BEGIN

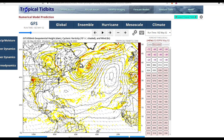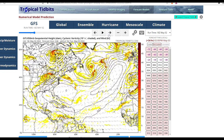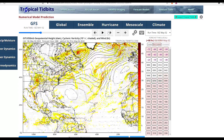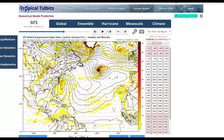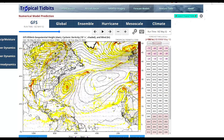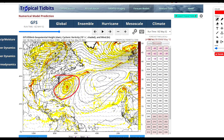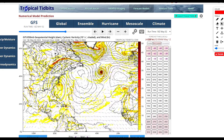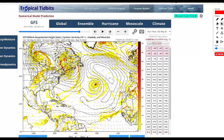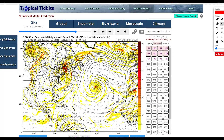Let's look at the 850 millibar level, which is about 5,000 feet up, and run through the vorticity — which means the spin in the atmosphere at that specific height. Moving through, we don't really have much. We may have like an elongated possible system around 186-plus hours on May 10th, but nothing much, and maybe another system around May 15th.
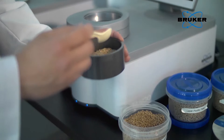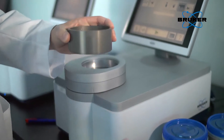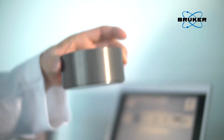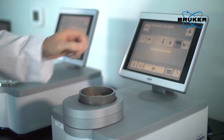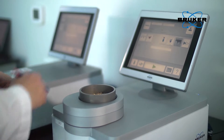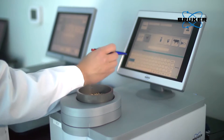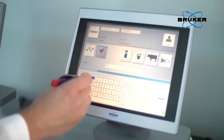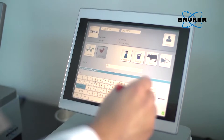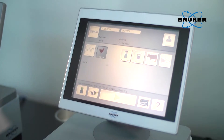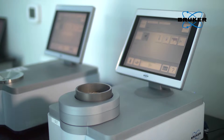The sample is simply filled into the measurement cup or sample vial and placed onto the spectrometer. The product is selected by either pressing on the respective product icon or by using a barcode reader. A simple touch on the screen starts the measurement, and the progress is displayed through the green status bar.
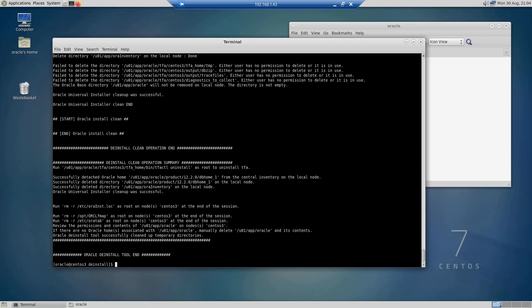So that's how you deinstall an Oracle database under a CentOS Linux machine. I hope this has been helpful for you and I'd like to thank you for watching.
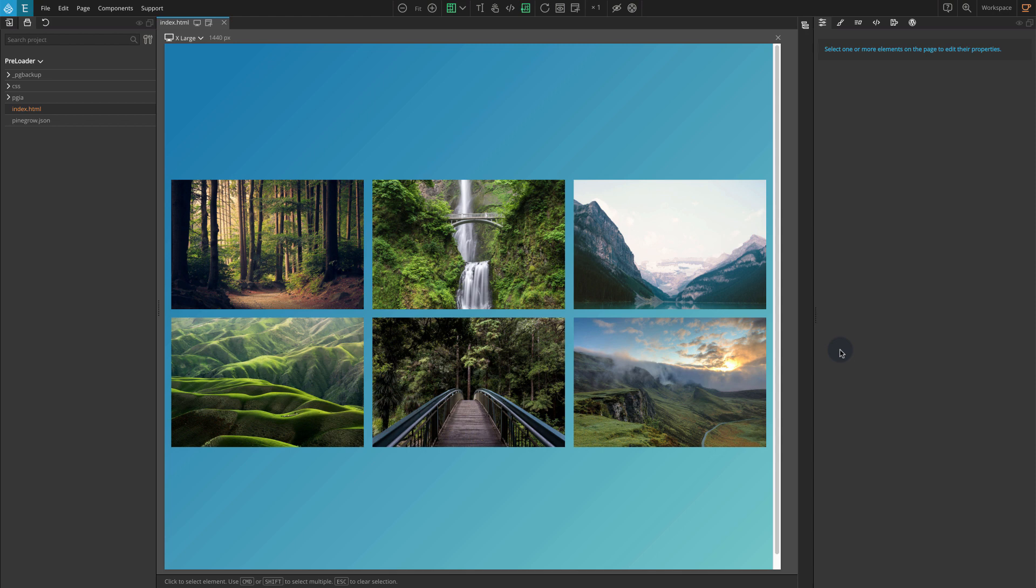For this tutorial, I'll show you two preloaders. The first will be just a simple preloader. For the second, I'll show you how to do something more advanced. I'll cover all the HTML, CSS, and interactions for both.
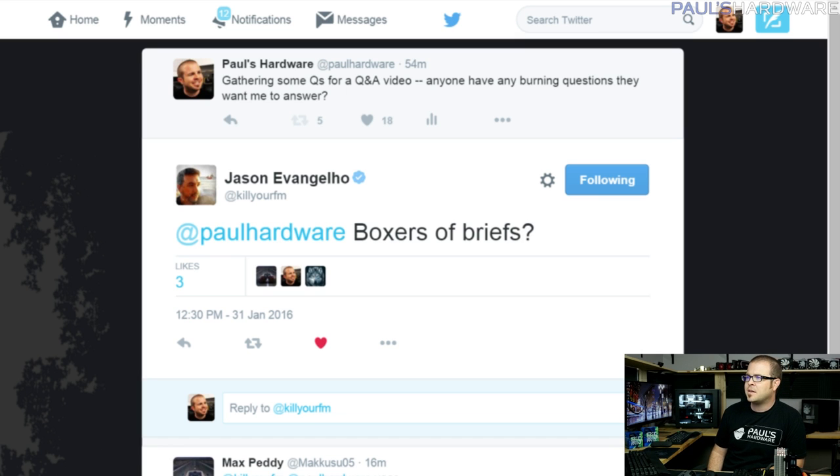Last question, from Jason Evangelo at KillYourFM — a writer of tech articles on Forbes and elsewhere — boxers or briefs? Briefs, 100%. Always briefs. Sometimes boxer briefs, but that's usually for working out when you need a little more security.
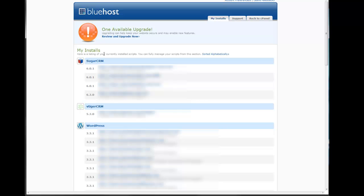Now here at the top of this page is going to show my installs. This shows a list of any applications that you might have installed through your hosting company.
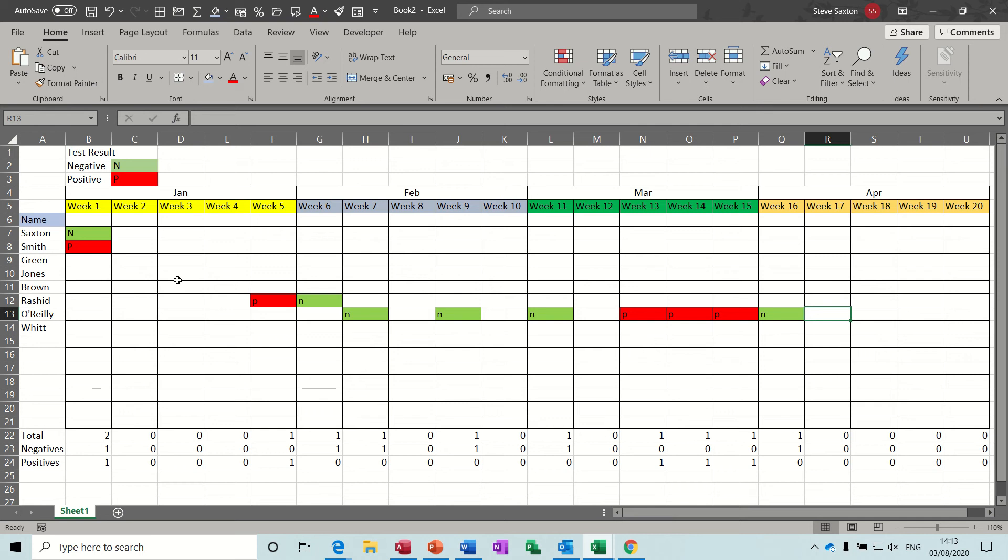Hi guys, welcome to this session on Microsoft Excel. In this module I want to explain how you can create a little spreadsheet to track COVID-19 test results.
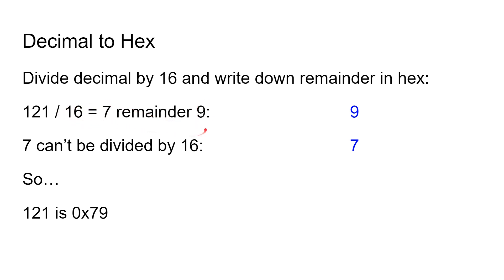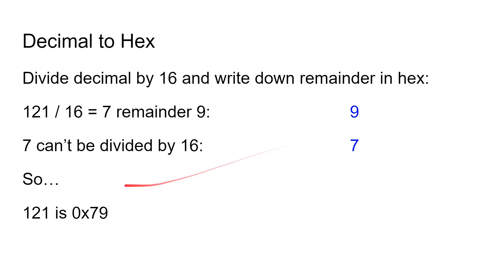So seven lots of 16 is a whole number, but there's a remainder of nine that doesn't fit into a whole 16. So you write down that nine in hexadecimal—in this case it's also the digit nine. Now seven can't be divided by 16 again, so you write down the digit seven, and that's it. So 121 in hex is 0x79, just exactly as we have there.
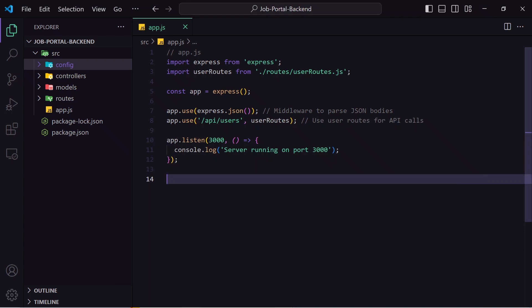Hello guys, welcome back to the Debug Arena. In today's video I will show how we can connect a MySQL database to our Node.js backend so that we can store and retrieve data from the database easily. We will be integrating MySQL into an MVC structure within Node.js. If you are not familiar with the MVC pattern, make sure to check out my previous video where I have explained MVC in Node.js in detail.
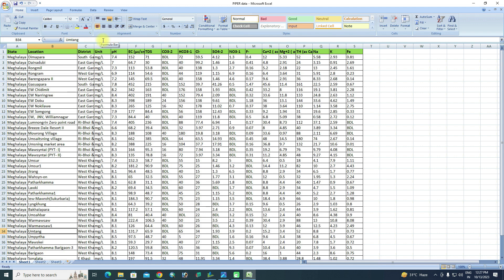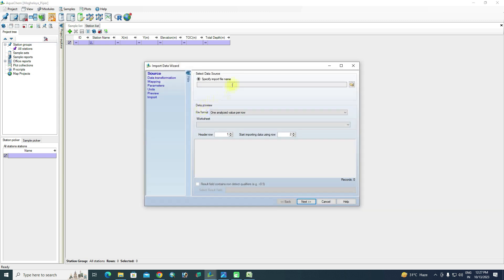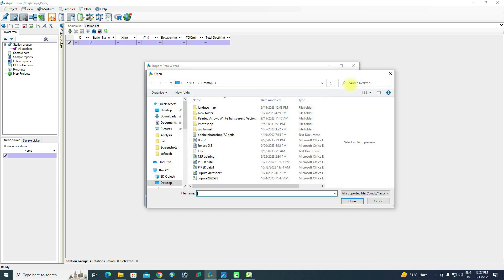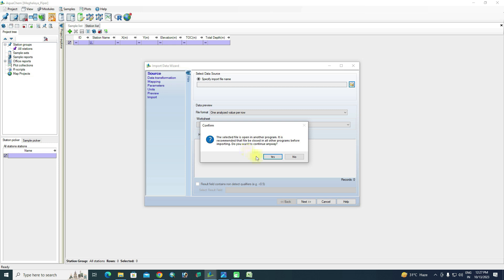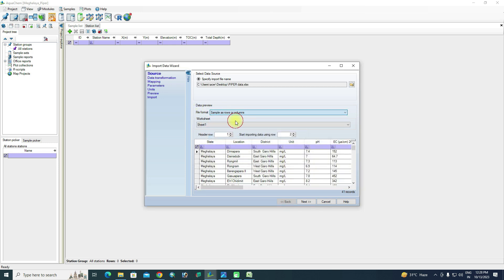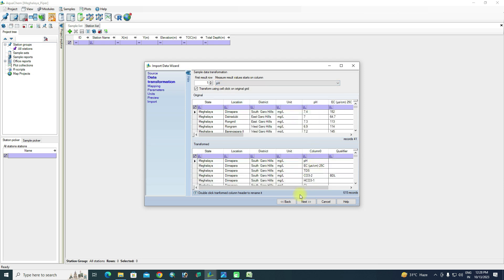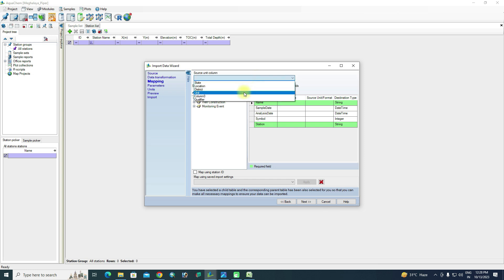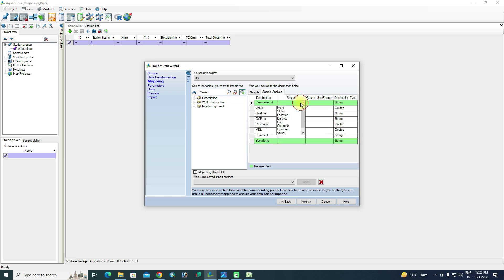Save the updated Excel file and reopen AquaChem. Go to Import Data again, click OK, then browse for the file — it is named 'fiber data' on the desktop. Select it and open. Set format to rows and columns, click Next. Set measured results to start from pH, then set the unit column, source as location, and station as district. For sample analysis, set parameter ID to column zero and sample ID to location, then click Next.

END

* _Task directions_: A word-for-word reproduction is needed of the lines above from the line containing "Now here at" through the line containing "Hi guys, welcome", with both ends kept and no pictures.

* _Expected output_:
Now here at the top of this page is going to show my installs. This shows a list of any applications that you might have installed through your hosting company.
Hi guys, welcome to this session on Microsoft Excel. In this module I want to explain how you can create a little spreadsheet to track COVID-19 test results.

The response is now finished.